In early September 2014, the Atlantic Coast joint venture released a report it had commissioned that showed a host of economic benefits the project would yield.
Later, Spencer Phillips, an ecological economist with Key-Log Economics, and colleagues were commissioned by opponents of the Atlantic Coast Pipeline to study the project’s economic costs on Highland, Augusta, Nelson and Buckingham counties.
Among a host of other conclusions, the Key-Log study estimated that values of parcels on the pipeline route, inside the potential impact radius or near a planned compressor station, likely would drop by a range of $55.8 million to $80.2 million. Property tax revenue would suffer as a result, the study reported.

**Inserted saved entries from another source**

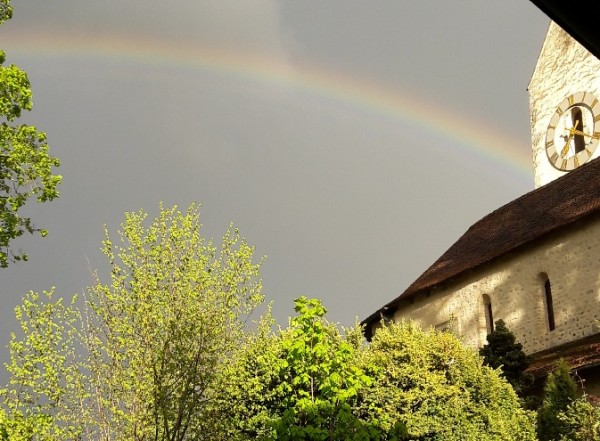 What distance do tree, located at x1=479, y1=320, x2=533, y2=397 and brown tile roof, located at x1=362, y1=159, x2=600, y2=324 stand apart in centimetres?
468

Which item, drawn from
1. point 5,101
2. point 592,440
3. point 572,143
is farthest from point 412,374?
point 572,143

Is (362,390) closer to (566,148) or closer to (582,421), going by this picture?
(582,421)

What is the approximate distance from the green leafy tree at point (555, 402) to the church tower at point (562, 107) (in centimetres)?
1978

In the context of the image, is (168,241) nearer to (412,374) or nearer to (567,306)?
(412,374)

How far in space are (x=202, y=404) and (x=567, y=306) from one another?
13817 mm

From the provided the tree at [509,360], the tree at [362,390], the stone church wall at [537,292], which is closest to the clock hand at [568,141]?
the stone church wall at [537,292]

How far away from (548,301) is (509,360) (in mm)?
4451

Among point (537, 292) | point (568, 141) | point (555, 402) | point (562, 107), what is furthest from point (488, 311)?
point (562, 107)

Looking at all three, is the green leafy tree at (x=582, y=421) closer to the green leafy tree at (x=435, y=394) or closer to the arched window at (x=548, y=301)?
the green leafy tree at (x=435, y=394)

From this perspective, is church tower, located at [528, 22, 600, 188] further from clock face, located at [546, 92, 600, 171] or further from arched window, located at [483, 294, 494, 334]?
arched window, located at [483, 294, 494, 334]

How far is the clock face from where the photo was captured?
123 ft

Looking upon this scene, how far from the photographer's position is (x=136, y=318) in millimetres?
16641

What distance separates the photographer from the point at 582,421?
17203mm

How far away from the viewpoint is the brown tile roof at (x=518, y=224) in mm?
26703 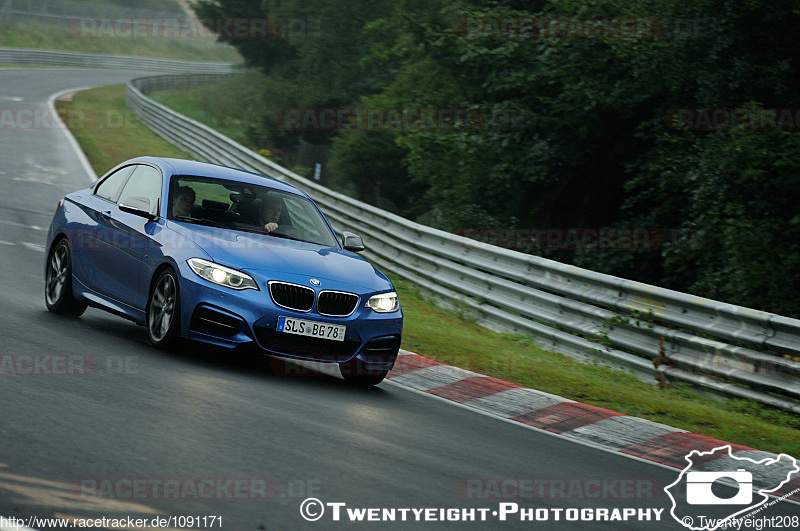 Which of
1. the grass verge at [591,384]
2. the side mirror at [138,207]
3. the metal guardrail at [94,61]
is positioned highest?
the metal guardrail at [94,61]

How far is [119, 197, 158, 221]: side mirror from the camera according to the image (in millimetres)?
9461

Separately, Key-Log released a three-page critique of the study commissioned by the Interstate Natural Gas Association of America Foundation, the report that found no significant impacts of natural gas pipelines on property value, property insurance or access to mortgages.
Key-Log’s review declared the analysis flawed and based on incorrect assumptions.
Glenn Archambault and his family (no kin to Mark Archambault), operate a sheep farm in Phoenix, Oregon. He serves on the board of the Pipeline Safety Trust. The nonprofit formed after the rupture of a gasoline pipeline in June 1999 in Bellingham, Washington, led to the deaths of two 10-year-old boys, who were burned when a creek ignited, and an 18-year-old man, who apparently drowned in a creek after becoming overwhelmed by fumes.
Glenn Archambault said he has lived alongside a 12-inch interstate natural gas pipeline since 1995. When the line was planned and built, he said, local media covered related disputes about property rights.
Today, he said, few people realize the pipeline is in the ground and the details would require digging into old records at the county courthouse.
“I have dealt with mortgages, insurance, tax assessment, real estate sales and offers on my property and nearby pipeline properties,” Glenn Archambault said. “Never does the pipeline seem to be an issue.”
He said smaller diameter pipelines transporting natural gas at lower pressures tend to be the pipelines involved in most accidents. That’s because the smaller lines used to distribute natural gas to customers are ubiquitous and vulnerable to accidents involving indiscriminate digging and the like.
“But no facts or common sense settle people when you start talking big pipelines and high pressure. It scares them,” Glenn Archambault said.
“Bury the pipeline, give it some time, and people forget about the pipeline, and the insurance companies, the banks, tax assessors and others seem to be unimpressed with the big pipelines,” he said.
Meanwhile, Sarver, the New River Valley Realtor working with Reidys, said empirical data about property value impacts might miss the larger point. If a buyer has a choice between a parcel with an easement for a large-diameter pipeline and a similar parcel without an easement, the buyer’s choice would seem clear, he said.
“It’s common sense,” Sarver said.
Meanwhile, in Pennsylvania, Dan Forry has shared his concerns with FERC about the potential consequences for his farm of a pipeline easement.
He ended his FERC filing with a note of defiance: “Our Land is Not for Sale or Right-of-Way — No matter the price!”